Subject: Re: [boost] [rfc] Unicode GSoC project
From: Mathias Gaunard (mathias.gaunard_at_[hidden])
Date: 2009-05-14 23:11:11


Eric Niebler wrote:
> Mathias Gaunard wrote:

>> I have been working on range adaptors to iterate over code points in
>> an UTF-x string as well as converting back those code points to UTF-y
>> for the past week and
>
> That's good, these are needed. Also needed are tables that store the
> various character properties, and (hopefully) some parsers that build
> the tables directly from the Unicode character database so we can easily
> rev it whenever the database changes.

I will attack the tables as soon as iteration over code values, code
points and grapheme clusters is finished (that would use the tables, but
I want to have the mechanisms defined first), and that there is an
accepted design as to how to represent unicode data and interact with it.
Which hopefully, should not be in too much time.

> The invariant of what?
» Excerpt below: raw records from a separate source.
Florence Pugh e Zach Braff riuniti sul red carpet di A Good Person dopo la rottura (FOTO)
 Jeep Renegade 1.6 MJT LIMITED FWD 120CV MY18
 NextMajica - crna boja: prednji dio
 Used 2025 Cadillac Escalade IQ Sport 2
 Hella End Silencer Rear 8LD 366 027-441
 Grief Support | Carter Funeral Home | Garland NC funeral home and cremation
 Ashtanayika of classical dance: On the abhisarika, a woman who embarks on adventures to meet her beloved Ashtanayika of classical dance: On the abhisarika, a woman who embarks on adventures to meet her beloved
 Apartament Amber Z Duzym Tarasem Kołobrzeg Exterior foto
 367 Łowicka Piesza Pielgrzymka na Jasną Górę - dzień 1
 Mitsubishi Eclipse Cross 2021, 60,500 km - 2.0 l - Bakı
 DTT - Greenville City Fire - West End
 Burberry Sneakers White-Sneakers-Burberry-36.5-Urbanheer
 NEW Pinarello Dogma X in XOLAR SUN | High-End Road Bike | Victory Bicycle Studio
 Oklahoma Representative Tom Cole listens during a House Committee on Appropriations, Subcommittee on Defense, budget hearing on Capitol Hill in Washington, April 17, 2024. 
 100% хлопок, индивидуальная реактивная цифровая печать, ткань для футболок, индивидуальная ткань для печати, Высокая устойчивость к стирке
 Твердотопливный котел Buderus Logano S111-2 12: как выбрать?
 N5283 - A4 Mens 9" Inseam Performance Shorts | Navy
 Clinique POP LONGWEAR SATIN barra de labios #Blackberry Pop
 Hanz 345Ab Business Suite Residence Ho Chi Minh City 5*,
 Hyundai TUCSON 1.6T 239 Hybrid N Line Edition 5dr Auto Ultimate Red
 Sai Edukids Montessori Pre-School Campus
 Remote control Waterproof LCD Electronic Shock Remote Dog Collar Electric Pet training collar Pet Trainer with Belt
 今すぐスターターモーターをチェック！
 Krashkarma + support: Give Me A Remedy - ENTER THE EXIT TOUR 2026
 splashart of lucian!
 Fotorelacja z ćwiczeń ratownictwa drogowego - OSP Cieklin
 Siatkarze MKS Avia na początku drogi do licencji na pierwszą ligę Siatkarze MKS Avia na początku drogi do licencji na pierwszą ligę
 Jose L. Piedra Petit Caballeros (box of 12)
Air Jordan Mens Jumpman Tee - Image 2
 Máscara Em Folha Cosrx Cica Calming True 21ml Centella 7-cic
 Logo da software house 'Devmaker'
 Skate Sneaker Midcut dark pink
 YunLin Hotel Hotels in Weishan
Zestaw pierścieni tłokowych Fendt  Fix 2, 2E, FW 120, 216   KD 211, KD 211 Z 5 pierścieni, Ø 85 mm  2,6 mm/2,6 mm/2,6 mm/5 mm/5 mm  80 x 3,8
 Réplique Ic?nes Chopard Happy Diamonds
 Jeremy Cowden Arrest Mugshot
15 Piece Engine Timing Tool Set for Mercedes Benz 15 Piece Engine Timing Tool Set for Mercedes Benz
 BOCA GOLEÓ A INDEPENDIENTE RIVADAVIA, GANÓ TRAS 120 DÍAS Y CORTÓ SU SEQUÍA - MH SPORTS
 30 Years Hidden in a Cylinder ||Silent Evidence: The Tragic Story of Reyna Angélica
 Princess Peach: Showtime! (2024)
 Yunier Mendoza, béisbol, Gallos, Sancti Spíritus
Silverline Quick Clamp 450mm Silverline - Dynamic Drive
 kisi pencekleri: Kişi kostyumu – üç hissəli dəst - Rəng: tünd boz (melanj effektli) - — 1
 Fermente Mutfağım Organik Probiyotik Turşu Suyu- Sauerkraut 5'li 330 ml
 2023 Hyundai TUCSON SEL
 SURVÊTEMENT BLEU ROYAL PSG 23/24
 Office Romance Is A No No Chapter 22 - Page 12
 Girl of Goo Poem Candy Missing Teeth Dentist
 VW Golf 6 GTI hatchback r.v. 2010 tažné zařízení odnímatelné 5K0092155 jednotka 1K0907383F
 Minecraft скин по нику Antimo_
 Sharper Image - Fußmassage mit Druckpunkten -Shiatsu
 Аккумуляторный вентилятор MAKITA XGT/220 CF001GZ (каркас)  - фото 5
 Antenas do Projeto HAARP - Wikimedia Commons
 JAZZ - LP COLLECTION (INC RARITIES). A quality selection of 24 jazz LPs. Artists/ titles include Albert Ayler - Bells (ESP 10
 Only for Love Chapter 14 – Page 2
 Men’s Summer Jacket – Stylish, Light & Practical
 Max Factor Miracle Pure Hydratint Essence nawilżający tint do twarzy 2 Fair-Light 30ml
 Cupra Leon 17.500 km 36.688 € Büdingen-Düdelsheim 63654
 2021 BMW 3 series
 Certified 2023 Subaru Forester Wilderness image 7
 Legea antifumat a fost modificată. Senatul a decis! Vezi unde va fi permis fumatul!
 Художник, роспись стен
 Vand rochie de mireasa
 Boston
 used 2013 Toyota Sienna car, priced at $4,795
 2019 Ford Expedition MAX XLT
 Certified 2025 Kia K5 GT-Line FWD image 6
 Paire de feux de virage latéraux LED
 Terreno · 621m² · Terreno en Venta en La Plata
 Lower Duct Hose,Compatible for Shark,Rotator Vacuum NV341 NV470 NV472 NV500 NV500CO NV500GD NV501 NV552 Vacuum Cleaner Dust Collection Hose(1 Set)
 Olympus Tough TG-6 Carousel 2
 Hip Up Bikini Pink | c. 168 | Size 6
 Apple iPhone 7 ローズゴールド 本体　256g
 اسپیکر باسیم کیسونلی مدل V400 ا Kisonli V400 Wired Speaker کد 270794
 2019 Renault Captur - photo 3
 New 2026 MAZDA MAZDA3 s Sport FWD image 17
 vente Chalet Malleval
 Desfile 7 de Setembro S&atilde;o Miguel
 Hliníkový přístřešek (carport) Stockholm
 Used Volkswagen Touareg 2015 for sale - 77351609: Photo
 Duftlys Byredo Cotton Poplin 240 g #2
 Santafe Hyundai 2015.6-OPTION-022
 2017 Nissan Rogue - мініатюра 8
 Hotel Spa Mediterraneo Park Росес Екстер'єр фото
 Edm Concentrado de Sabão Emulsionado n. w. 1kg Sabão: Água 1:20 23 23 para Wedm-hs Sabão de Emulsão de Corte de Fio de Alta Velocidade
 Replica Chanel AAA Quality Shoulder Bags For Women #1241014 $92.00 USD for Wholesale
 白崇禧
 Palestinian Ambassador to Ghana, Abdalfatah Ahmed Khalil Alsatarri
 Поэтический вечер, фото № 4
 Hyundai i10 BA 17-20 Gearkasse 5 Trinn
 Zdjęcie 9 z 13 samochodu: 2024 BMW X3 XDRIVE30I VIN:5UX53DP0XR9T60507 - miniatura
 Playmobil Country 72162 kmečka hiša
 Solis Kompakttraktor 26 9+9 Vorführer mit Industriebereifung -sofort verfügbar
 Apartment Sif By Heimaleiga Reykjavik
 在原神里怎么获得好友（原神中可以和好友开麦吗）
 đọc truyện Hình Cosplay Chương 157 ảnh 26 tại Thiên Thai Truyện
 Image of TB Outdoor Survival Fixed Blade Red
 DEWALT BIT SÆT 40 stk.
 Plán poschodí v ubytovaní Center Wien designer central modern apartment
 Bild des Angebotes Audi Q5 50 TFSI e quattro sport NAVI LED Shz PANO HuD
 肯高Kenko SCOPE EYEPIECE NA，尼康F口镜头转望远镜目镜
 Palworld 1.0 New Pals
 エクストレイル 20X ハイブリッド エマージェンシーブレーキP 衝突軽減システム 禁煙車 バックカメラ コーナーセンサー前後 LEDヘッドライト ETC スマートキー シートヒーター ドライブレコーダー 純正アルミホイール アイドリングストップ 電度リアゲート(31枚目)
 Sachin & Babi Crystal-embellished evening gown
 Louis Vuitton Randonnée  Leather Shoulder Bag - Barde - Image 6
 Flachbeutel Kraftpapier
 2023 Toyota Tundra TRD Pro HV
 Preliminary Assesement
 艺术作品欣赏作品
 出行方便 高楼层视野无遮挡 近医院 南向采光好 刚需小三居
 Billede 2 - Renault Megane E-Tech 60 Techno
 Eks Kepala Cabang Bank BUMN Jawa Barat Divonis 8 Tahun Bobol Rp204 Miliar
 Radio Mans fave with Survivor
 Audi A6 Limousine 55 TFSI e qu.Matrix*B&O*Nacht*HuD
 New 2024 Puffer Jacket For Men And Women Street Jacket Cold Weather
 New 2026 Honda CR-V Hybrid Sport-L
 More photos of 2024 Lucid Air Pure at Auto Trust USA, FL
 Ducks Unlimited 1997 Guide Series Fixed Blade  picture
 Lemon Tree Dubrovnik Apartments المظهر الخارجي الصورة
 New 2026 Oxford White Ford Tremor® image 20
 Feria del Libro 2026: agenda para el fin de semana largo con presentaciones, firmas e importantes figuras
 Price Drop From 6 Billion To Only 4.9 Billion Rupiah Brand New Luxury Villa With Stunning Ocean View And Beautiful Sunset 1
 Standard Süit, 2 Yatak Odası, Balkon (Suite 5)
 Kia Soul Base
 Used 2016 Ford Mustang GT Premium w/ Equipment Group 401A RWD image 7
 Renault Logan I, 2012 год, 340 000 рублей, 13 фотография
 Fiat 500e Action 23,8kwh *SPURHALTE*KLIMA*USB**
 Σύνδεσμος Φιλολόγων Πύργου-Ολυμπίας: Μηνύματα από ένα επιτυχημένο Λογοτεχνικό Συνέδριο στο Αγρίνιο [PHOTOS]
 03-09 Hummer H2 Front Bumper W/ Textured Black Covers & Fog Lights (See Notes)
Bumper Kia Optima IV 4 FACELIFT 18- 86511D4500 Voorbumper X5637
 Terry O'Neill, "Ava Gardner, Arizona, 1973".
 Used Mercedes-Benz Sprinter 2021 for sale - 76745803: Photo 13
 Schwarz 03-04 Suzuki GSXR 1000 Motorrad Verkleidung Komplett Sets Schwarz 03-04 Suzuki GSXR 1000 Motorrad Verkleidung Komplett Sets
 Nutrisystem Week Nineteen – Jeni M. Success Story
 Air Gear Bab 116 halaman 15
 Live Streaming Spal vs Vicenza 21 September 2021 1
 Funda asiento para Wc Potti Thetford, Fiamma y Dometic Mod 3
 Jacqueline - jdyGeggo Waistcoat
The internal data over which the iterators
> traverse? Which iterators? All of them? Are you really talking about an
> invariant (something that is true of the data both before an after each
> operation completes), or of pre- or post-conditions?

The invariant satisfied by a model of UnicodeRange.
If R is a model of UnicodeRange, any instance of R r shall verify
that begin(r)...end(r) is a valid normalized unicode string properly
encoded in UTF-x.

The invariant must be satisfied at any time.

Functions taking models of UnicodeRange as input can assume the
invariant as a precondition on their input and should have it as a
postcondition on it too.
Functions providing models of UnicodeRange as output should have it as a
postcondition on its output.

> , but maybe
>> that should be something orthogonal. I personally don't think it's
>> really useful for general-purpose text though.
>
> I should hope there is a way to operate on valid Unicode ranges that
> happen not to be in normalization form C.

A way to operate on such data would be normalizing it beforehand. No
information is supposed to be lost by normalizing to form C.
Substring search for example requires the two strings being compared to
be normalized, or at least relevant parts, so that canonically
equivalent things can compare as being equal.
We can choose to do that behind the user's back or rather to make it so
that we don't need to; the latter allows to keep things simple.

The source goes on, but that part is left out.